* **Aim of the task**
Every line below must come back exactly as it stands, with the images omitted.

* **Source data**
* * * * * * * * *

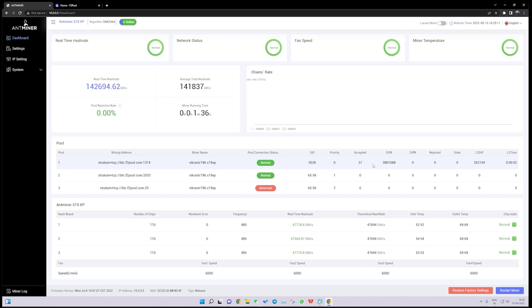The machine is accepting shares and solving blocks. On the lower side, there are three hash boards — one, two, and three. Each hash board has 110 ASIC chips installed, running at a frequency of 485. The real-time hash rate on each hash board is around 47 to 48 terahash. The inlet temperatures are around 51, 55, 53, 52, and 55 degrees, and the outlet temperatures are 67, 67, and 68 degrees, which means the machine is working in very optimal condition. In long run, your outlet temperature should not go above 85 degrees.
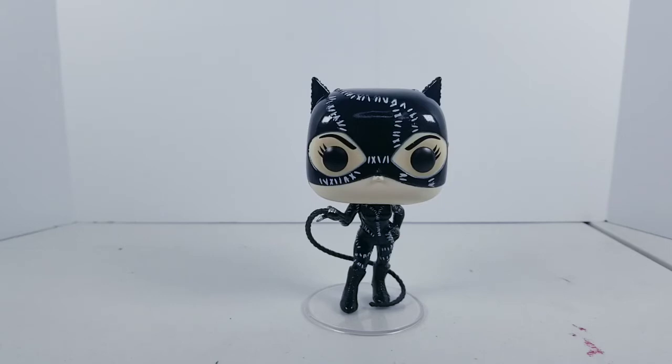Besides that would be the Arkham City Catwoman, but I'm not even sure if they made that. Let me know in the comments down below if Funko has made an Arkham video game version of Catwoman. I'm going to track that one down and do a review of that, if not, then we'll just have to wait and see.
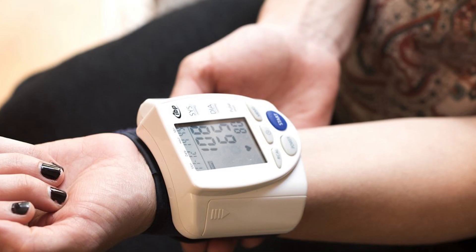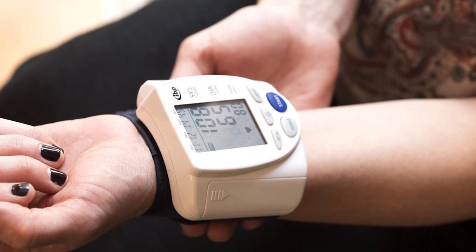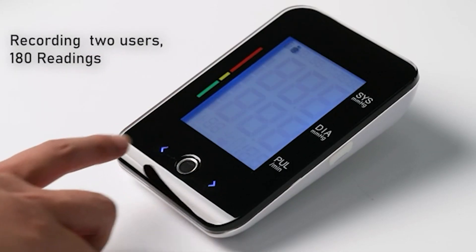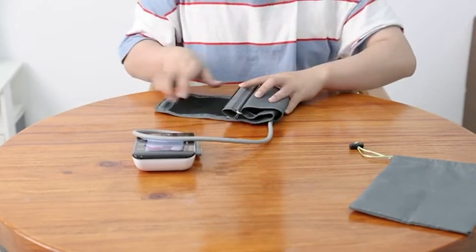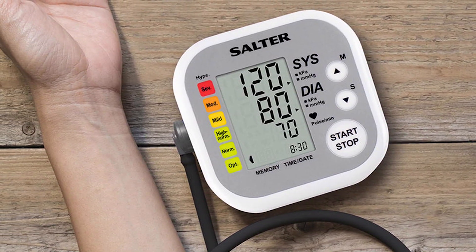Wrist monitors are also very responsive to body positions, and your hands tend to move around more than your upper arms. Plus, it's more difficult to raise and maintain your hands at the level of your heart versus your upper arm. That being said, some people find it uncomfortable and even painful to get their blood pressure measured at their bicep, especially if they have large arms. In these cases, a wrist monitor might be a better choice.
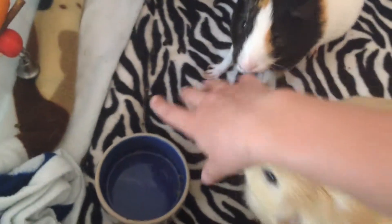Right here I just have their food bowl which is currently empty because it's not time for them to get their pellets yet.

* * * * * * * * *

* **Output**
The machine is accepting shares and solving blocks. On the lower side, there are three hash boards — one, two, and three. Each hash board has 110 ASIC chips installed, running at a frequency of 485. The real-time hash rate on each hash board is around 47 to 48 terahash. The inlet temperatures are around 51, 55, 53, 52, and 55 degrees, and the outlet temperatures are 67, 67, and 68 degrees, which means the machine is working in very optimal condition. In long run, your outlet temperature should not go above 85 degrees.
Besides that would be the Arkham City Catwoman, but I'm not even sure if they made that. Let me know in the comments down below if Funko has made an Arkham video game version of Catwoman. I'm going to track that one down and do a review of that, if not, then we'll just have to wait and see.
Wrist monitors are also very responsive to body positions, and your hands tend to move around more than your upper arms. Plus, it's more difficult to raise and maintain your hands at the level of your heart versus your upper arm. That being said, some people find it uncomfortable and even painful to get their blood pressure measured at their bicep, especially if they have large arms. In these cases, a wrist monitor might be a better choice.
Right here I just have their food bowl which is currently empty because it's not time for them to get their pellets yet.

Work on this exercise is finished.